A polícia contra-ataca

Nara Boechat, Jornal do Brasil

RIO - Depois dos confrontos em favelas da Zona Norte do Rio que deixaram 12 mortos no sábado, entre eles dois policiais militares, a PM, que mobilizou 4 mil homens nas últimas 48 horas, respondeu com operações em várias comunidades e nas ruas. Na favela do Jacarezinho, dois traficantes morreram durante uma ação do Batalhão de Operações Especiais (Bope), e quatro outros foram presos. Cerca de 250 quilos de maconha foram apreendidos, junto com material para endolação, um botijão de gás, que seria utilizado para esconder armas e drogas, e duas armas, que estariam com os mortos.

Apesar da contraofensiva policial, o secretário de Segurança Pública do Rio, José Mariano Beltrame, afirmou neste domingo que novos confrontos pelo controle da venda de drogas podem se repetir.

Não se pode descartar isso, trabalhamos com todas as hipóteses. Historicamente, isso já aconteceu. A perda de território e o enfraquecimento de determinadas facções proporcionam isso.

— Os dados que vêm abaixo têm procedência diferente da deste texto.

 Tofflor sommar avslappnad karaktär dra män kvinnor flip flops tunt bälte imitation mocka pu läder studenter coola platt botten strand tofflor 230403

De acordo com o Capitão Blaz, a operação no Jacarezinho foi baseada em informações do serviço de inteligência da Secretaria de Segurança Pública do Estado.

As informações diziam que no interior de uma residência estaria o material, que foi apreendido em um fundo falso da casa, embaixo de uma cama de cimento relatou o capitão.

Patrulhamento reforçado

Outras ações das polícias Militar e Civil marcaram o domingo na Zona Norte. Durante o dia, policiais cercaram os morros do Jacaré, Macacos e São João, controlando a a entrada e saída de veículos. Enquanto isso, dentro das favelas, equipes revistaram casas e vielas, tentando encontrar os responsáveis pelos ataques de sábado. A corporação também utilizou cães na busca por mais corpos e armas.

No final da tarde, no Morro do São João, no Engenho Novo, policiais do Grupamento de Ações Táticas (GAT) do 14º BPM (Bangu), com apoio do 6º BPM (Tijuca), encontraram dois corpos, com orelhas decepadas, no alto da favela e uma mochila na mata que continha 832 municões de diversos calibes, 33 carregadores de munição e uma granada.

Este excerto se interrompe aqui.